Новое назначение генерала Врангеля внесло много осложнений и атмосферу внутреннего разлада, особенно тягостную в обстановке потрясений, переживаемых тогда армиями и мной.
Прежде всего последовал рапорт с изложением «пренебрежения (нами) основных принципов военного искусства» в прошлом и преимущества стратегических предположений генерала Врангеля. И этот рапорт был также сообщен им старшим начальникам… Новый командующий нарисовал удручающую картину наследия, полученного им от генерала Май-Маевского: систему «самоснабжения», обратившую «войну в средство наживы, а довольствие местными средствами — в грабеж и спекуляцию…». Развращенные этой системой и «примером некоторых из старших начальников» войска… Громадные «тылы», запрудившие все пути… Хаотическая эвакуация, осложненная нахлынувшей волной беженцев… И как вывод: «Армии, как боевой силы, нет!»
Велики и многообразны были прегрешения Добровольческой армии, но отнюдь, конечно, не большие, чем киевской, новороссийской, Донской и той, которой командовал барон Врангель, — Кавказской. Но так как про вины других никто из их начальников не говорил так громко, в общественном сознании могла получиться известная психологическая аберрация… Мне не хотелось бы сравнивать степень греховности… К сожалению, все армии грешили и всем есть в чем покаяться.
Но глубоко ошибочен был вывод. Армия, которая под ударами почти втрое превосходившего ее силами противника в течение двух месяцев на расстоянии 400 верст — от Орла до Харькова, потеряв в кровавых боях до 50 процентов своего состава, могла еще противостоять напору противника, маневрировать, отражать атаки, сама с успехом атаковать — такая армия не умерла.
Сквозь внешнюю неприглядную обстановку, под наносным слоем пыли и грязи жив был тот дух неумирающий, который горел в ней во времена Первого и Второго походов, который выводил горсть храбрецов из сплошного большевистского кольца, бросал их, почти безоружных, на бронированные поезда и давал им победу в столкновении с противником, во много раз сильнейшим…
Ближайшие недели борьбы за Доном и вся последующая история армии показали, что дух этот не угасал.
С первых же дней обнаружились и новые стратегические расхождения. Генерал Врангель считал, что обстановка на правом фланге понудит его оторваться от Донской армии и отходить в Крым. Ссылаясь на неизбежность в этом случае порыва связи со Ставкой[166], он просил о назначении общего начальника над армиями Киевщины, Новороссии и Добровольческой. Я ответил генералу Врангелю, что не допускаю и мысли об отходе в Крым. И, если удержаться нельзя будет, отступать можно только на Ростов в связи с Донской армией, каких бы жертв это ни стоило[167]. По этому поводу дважды еще запрашивал Ставку по телеграфу начальник штаба Добровольческой армии генерал Шатилов. В то же время общая линия фронта, группировка войск и направление подкреплений не давали уверенности в твердом стремлении командующего обеспечить ростовское направление. Это обстоятельство возбудило тревогу во мне и в особенности в донском командовании и заставило принять особые меры к предотвращению большого несчастья: уход Добровольческой армии в Крым вызвал бы неминуемое и немедленное падение донского и всего казачьего фронта, что обрекало бы на страшные бедствия, быть может, на гибель десятки тысяч больных, раненых воинов[168] и семейств военнослужащих, в особенности добровольческих, рассеянных по территории Дона и Северного Кавказа. Никакие стратегические соображения не могли бы оправдать в глазах казачества этого шага, и казаки отнеслись бы к нему, как к предательству с нашей стороны.
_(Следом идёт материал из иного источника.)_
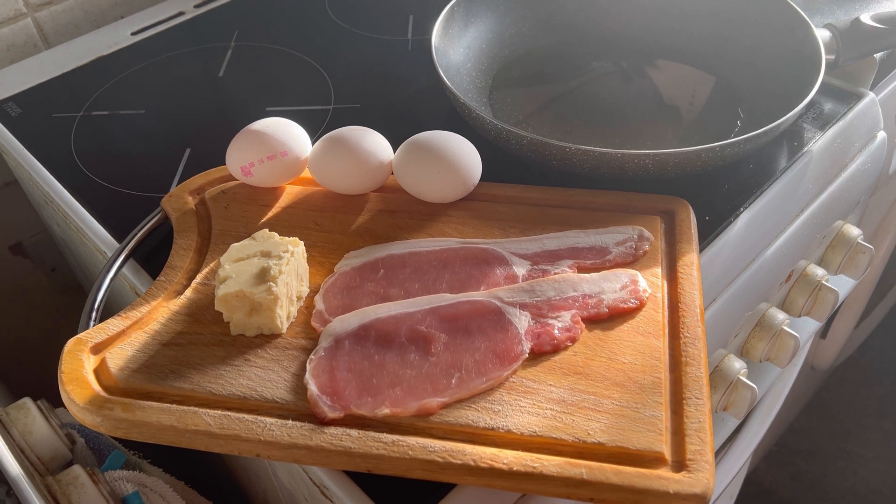Look at that — delish! That's the finished thing. Bon appétit. Can you see that? Oh, wonderful. It's got everything — cheesy, salty, rich.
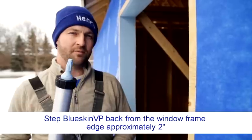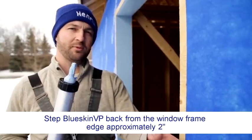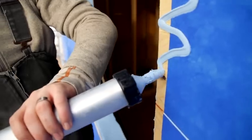When we install our Blueskin VP, we actually step it back approximately 2 inches to allow for direct contact of our AirBlock LF and the plywood substrate.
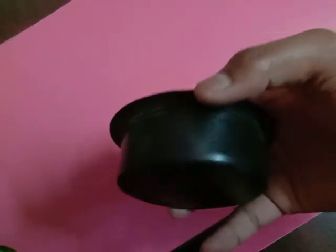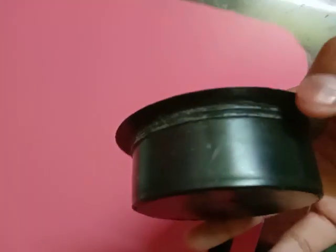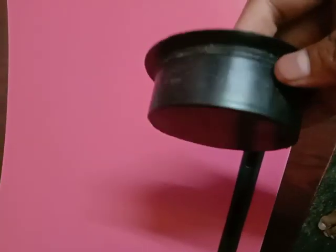You can remove it easily, it's also screw type. There is some dust on it, because every product gets dust if it is stored for a while. My dear friends, you can remove it easily.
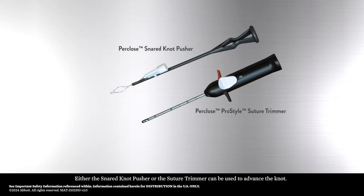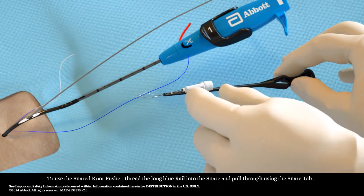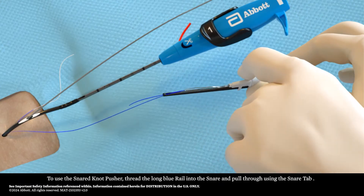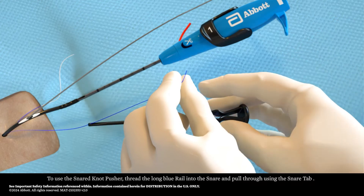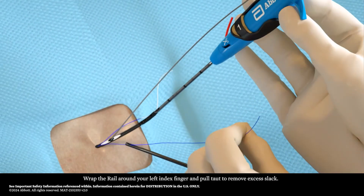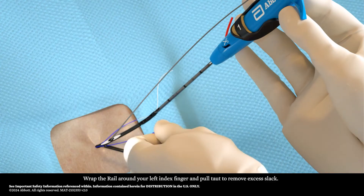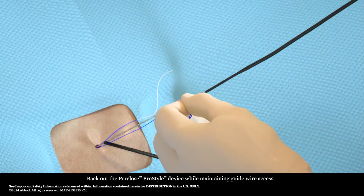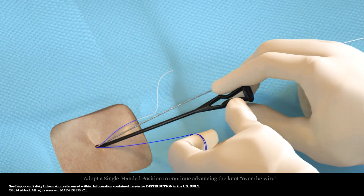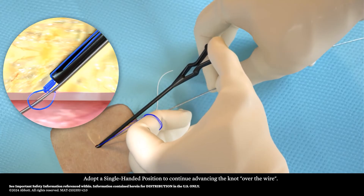Either the snared knot pusher or the suture trimmer can be used to advance the knot. To use the snared knot pusher, thread the long blue rail into the snare and pull through using the snare tab. Wrap the rail around your left index finger and pull taut to remove excess slack. Back out the Perclose ProStyle device while maintaining guide wire access, then adopt a single-handed position to continue advancing the knot over the wire.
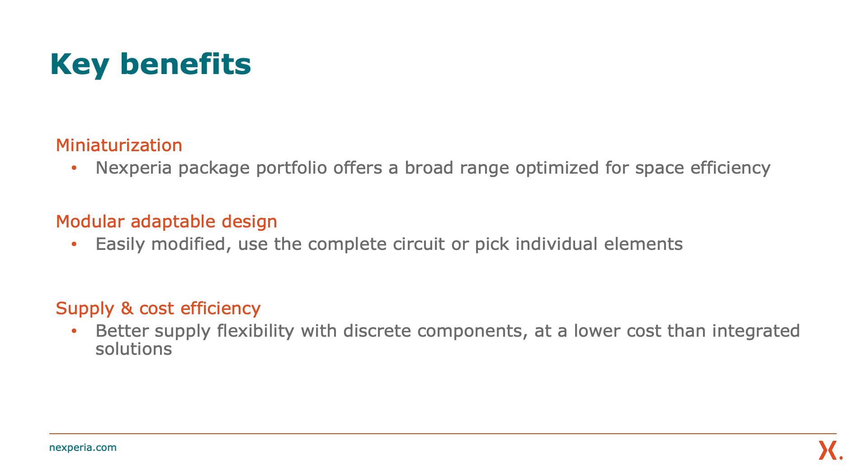Now let's look at the key benefits of this application. From a miniaturization point of view, Nexperia packages offer a real option for miniaturizing your design. On the PC board we show a broad range of components in different packages — for example, the AlephPak 56, AlephPak 33, or the dual AlephPak 56D — giving you more options to reduce your footprint size. It's also a very modular, adaptable design: you can use the whole reference design as-is, or pick individual elements and optimize or modify them to suit your requirements.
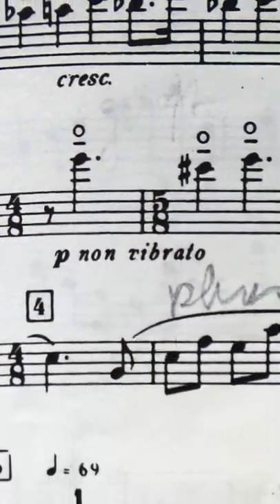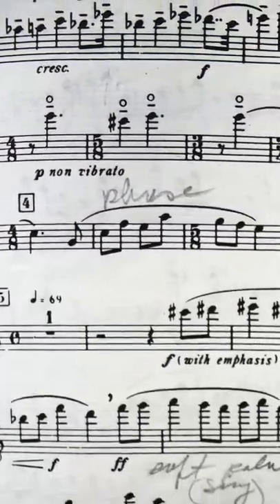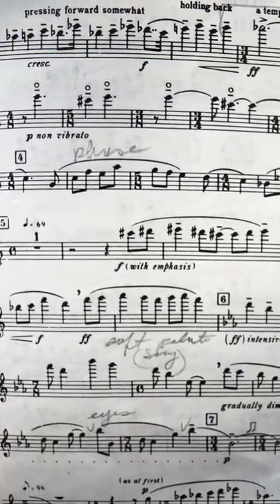Once in a while, flutists are asked to play a harmonic in a piece of music. Today I'm going to explain to you why we play harmonics without vibrato. The main reason we play harmonics without vibrato is that our ears are accustomed to the sound of harmonics from string instruments.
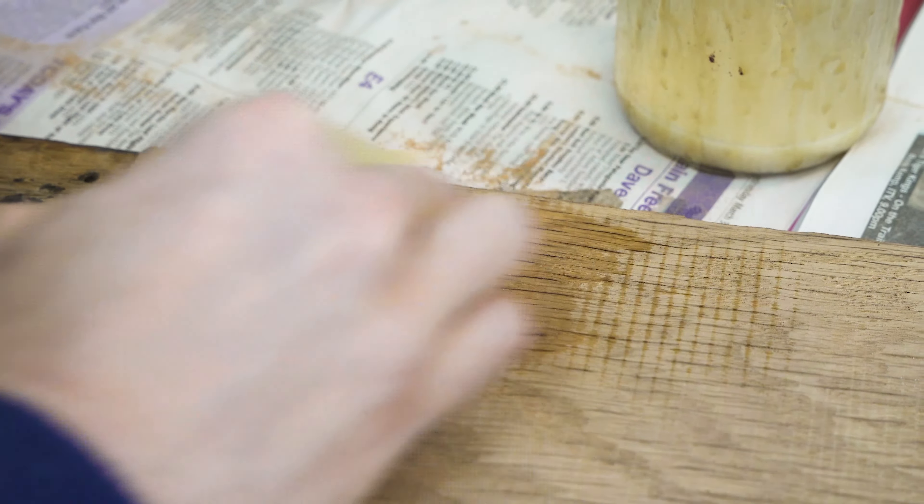Another way we use the Starbond glue is to fill in holes left by nails and screws. You may have noticed in our other videos that we often use recycled reclaimed wood from old furniture and old buildings. Sometimes to get the best out of a piece of wood you might have to fill in a gap. Two ways you can do this: you can use the coloured glues and adjust the hole slightly to create the effect of a knot, or you can use the clear glue — sand over the hole, fill it with medium speed glue, then sand over it again to create a natural-looking feature in the wood.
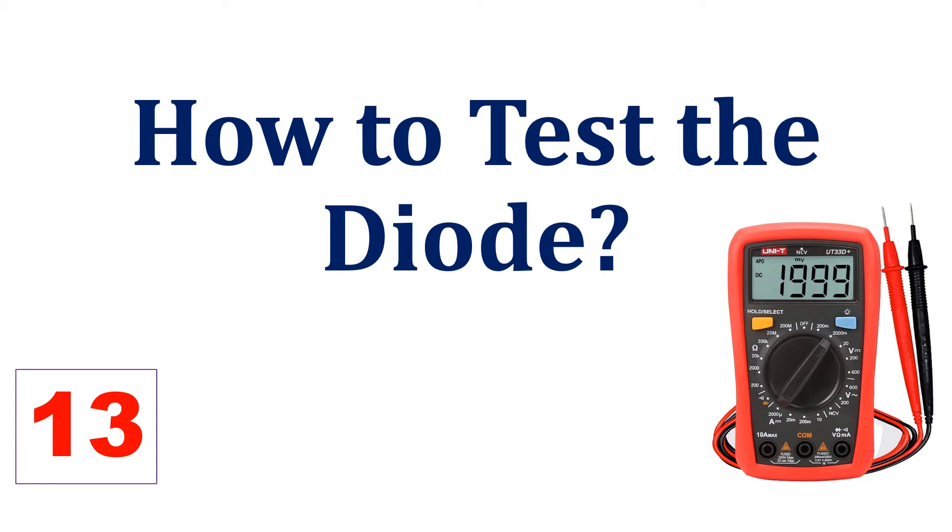Welcome back to our channel UvaTech. Please don't forget to give your feedback after watching this video. We also request you to subscribe to our channel and press the bell icon to receive notifications.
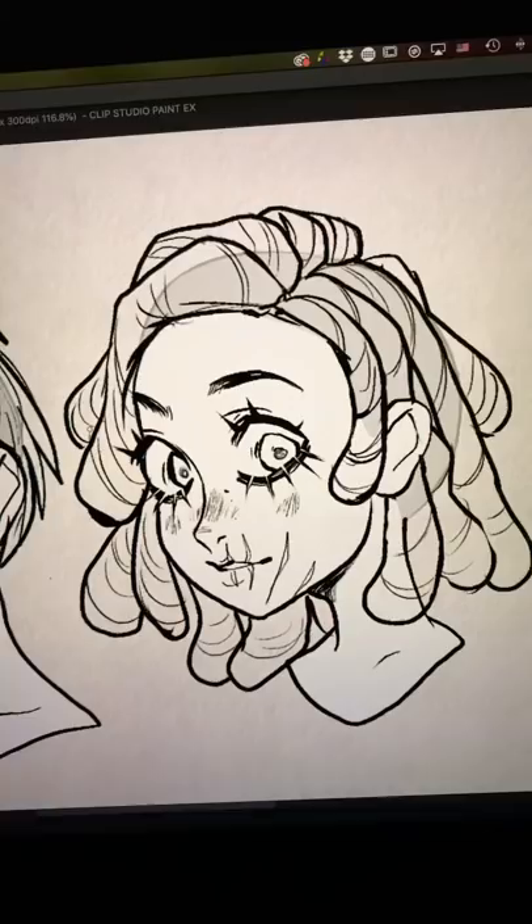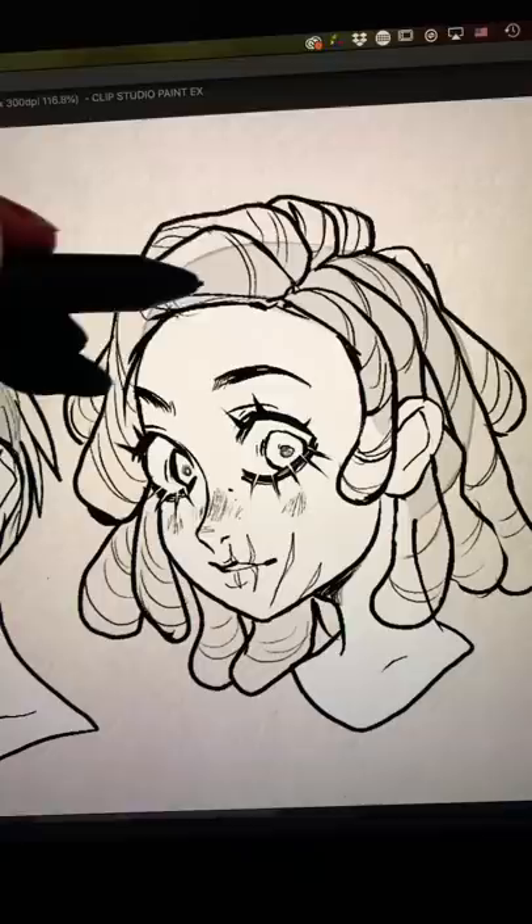Remember too that hair has volume to it, so it should be separating away a bit from the scalp — there should be more mass above the scalp. Don't forget to experiment with different hair textures. Good luck with your drawings!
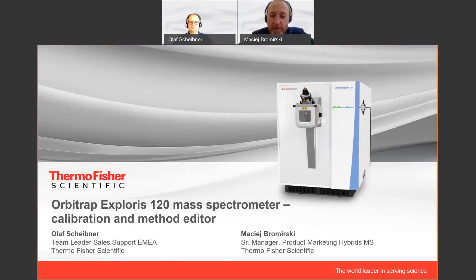Hello everyone, and welcome to the fourth in our series of Ask the Expert interviews on the Thermo Scientific Orbitrap Exploris 120 mass spectrometer. My name is Maciej Promirski. I'm the Senior Product Marketing Manager for Hybrid Instruments, and today we're speaking with Olaf Scheibner, who is the Team Leader for Cell Support in EMEA. Hello Olaf, and thank you for joining us today to talk about the calibration and method editor on the instrument.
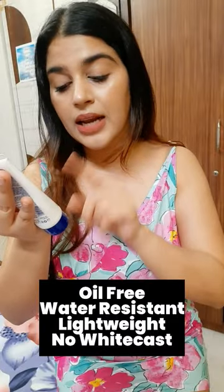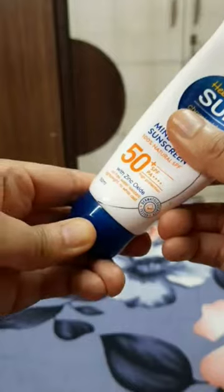I can say it is oil-free. Water resistance is not so much — it's not that impressive. It's also not that lightweight; honestly it's a little heavy on the skin. As for white cast, there is a little, but you could say it's not a significant white cast.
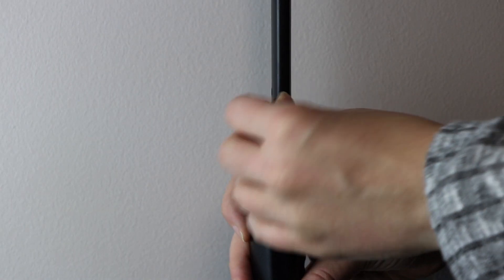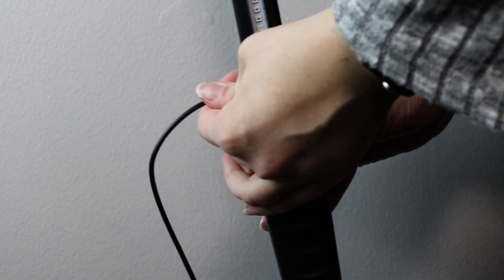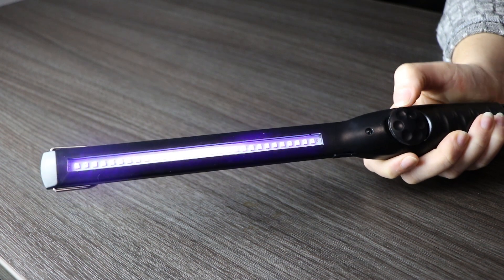Before using the wand, make sure it's charged. Once you're done charging, be sure to don your UV-rated safety glasses. Once your eyes are protected, turn the round dial on the front clockwise until you hear it click.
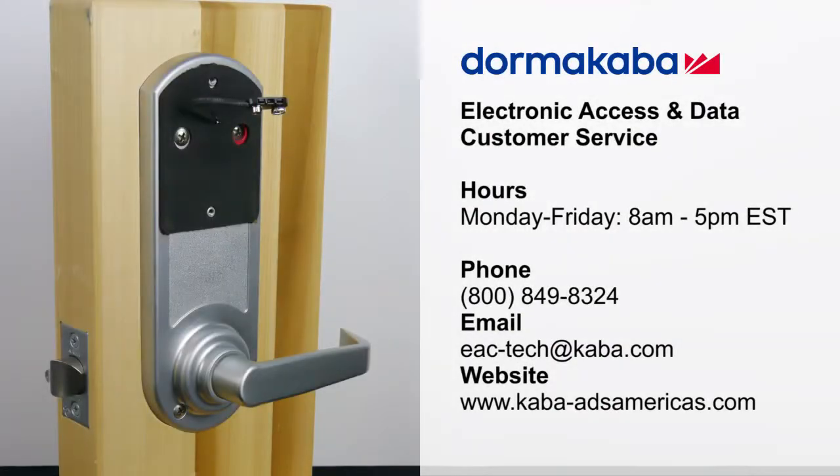This concludes how to install the inside lever or knob of an E-Plex 5000 series lock. For customer service, contact Dorma Kaba.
Надежды на нашу конную группу не оправдались.
Перед отъездом в армию в Таганроге генерал Врангель заявил мне, что он не потерпит присутствия в ней генералов Шкуро и Мамонтова, как главных виновников расстройства конных корпусов. Генерал Шкуро находился тогда на Кубани в отпуску по болезни, что касается Мамонтова, я предостерегал от резких мер по отношению к лицу, как бы то ни было, пользующемуся на Дону большой популярностью.
По прибытии в армию генерал Врангель назначил начальником конной группы достойнейшего и доблестного кубанского генерала Улагая. И хотя отряд этот был временный и назначение начальника его, всецело зависевшее от командующего армией, не могло считаться местничеством, оно вызвало крупный инцидент, Мамонтов обиделся и телеграфировал по всем инстанциям: «…учитывая боевой состав конной группы, я нахожу не соответствующим достоинству Донской армии и обидным для себя заменение, как командующего конной группой, без видимых причин лицом, не принадлежащим к составу Донской армии и младшим меня по службе. На основании изложенного считаю далее невозможным оставаться на должности командира 4-го Донского корпуса». Копии этой телеграммы Мамонтов разослал всем своим полкам, а на другой день, самовольно покидая корпус, не без злорадства сообщал, как полки под давлением противника панически бежали.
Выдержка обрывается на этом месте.